§ **Assignment**
Output all of the data exactly as it appears, but leave out any pictures it contains.

§ **Source material**
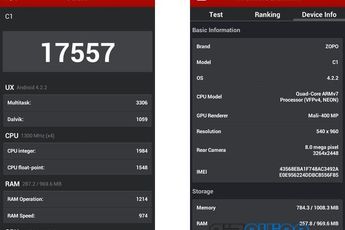 Zopo ZP700 Antutu X benchmarks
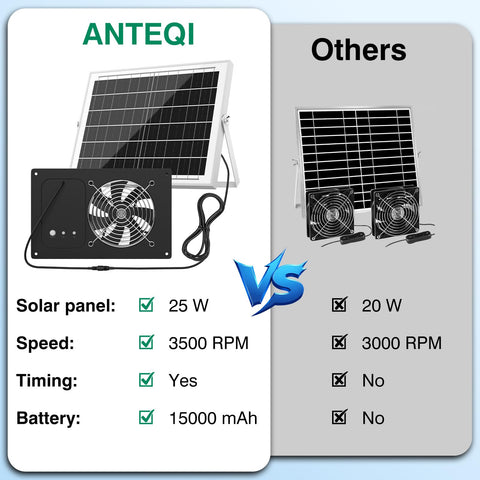 In greenhouse use, the ANTEQI solar fan provides steady airflow for plants and animals.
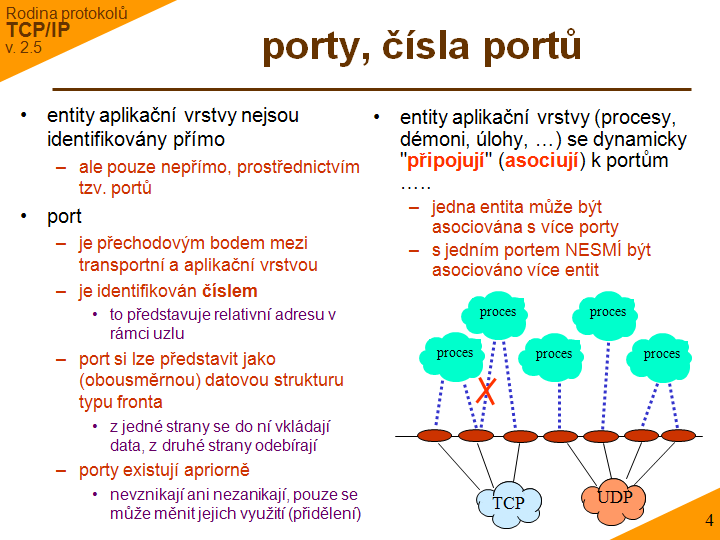 Slide c. 4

§ **Answer for the task**
 Zopo ZP700 Antutu X benchmarks
 In greenhouse use, the ANTEQI solar fan provides steady airflow for plants and animals.
 Slide c. 4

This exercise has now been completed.